When the type of r is inferred, OCaml gives it a type involving a weak type variable. All such variables have a name starting with '_weak. A weak type variable is one that has not been generalized hence cannot be instantiated on multiple types. Rather, it indicates a single type that is not yet known. Think of it as type inference for that variable is not yet finished: OCaml is waiting for more information to pin down precisely what it is. When r := succ is executed, that information finally becomes available. OCaml infers that '_weak1 = int from the type of succ. Then OCaml replaces '_weak1 with int everywhere. That’s what yields an error on the final line:

# !r true;;
Error: This expression has type bool but an expression was expected of type int

Since r : (int -> int) ref, we cannot apply !r to a bool.

We won’t cover the implementation of weak type variables here.

But, let’s not leave this topic of the interaction between polymorphic types and mutability yet. You might be tempted to think that it’s a phenomenon that affects only OCaml. But indeed, even Java suffers.

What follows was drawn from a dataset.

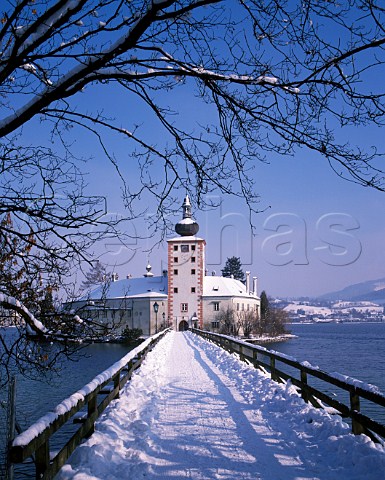 Snow covered bridge to Orth Castle on Traunsee Salzkammergut Austria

Consider the following class hierarchy:

class Animal { }
class Elephant extends Animal { }
class Rabbit extends Animal { }

Now suppose we create an array of animals:

Animal[] a= new Rabbit[2]

Here we are using subtype polymorphism to assign an array of Rabbit objects to an Animal[] reference. That’s not the same as parametric polymorphism as we’ve been using in OCaml, but it’s nonetheless polymorphism.

What if we try this?

a[0]= new Elephant()

Since a is typed as an Animal array, it stands to reason that we could assign an elephant object into it, just as we could assign a rabbit object. And indeed that code is fine according to the Java compiler. But Java gives us a runtime error if we run that code!

Exception java.lang.ArrayStoreException

The problem is that mutating the first array element to be a rabbit would leave us with a Rabbit array in which one element is a Elephant. (Ouch! An elephant would sit on a rabbit. Poor bun bun.) But in Java, the type of every object of an array is supposed to be a property of the array as a whole. Every element of the array created by new Rabbit[2] therefore must be a Rabbit. So Java prevents the assignment above by detecting the error at run time and raising an exception.

This is really the value restriction in another guise! The type of a value stored in a mutable location may not change, according to the value restriction. With arrays, Java implements that with a run-time check, instead of rejecting the program at compile time. This strikes a balance between soundness (preventing errors from happening) and expressivity (allowing more error-free programs to type check).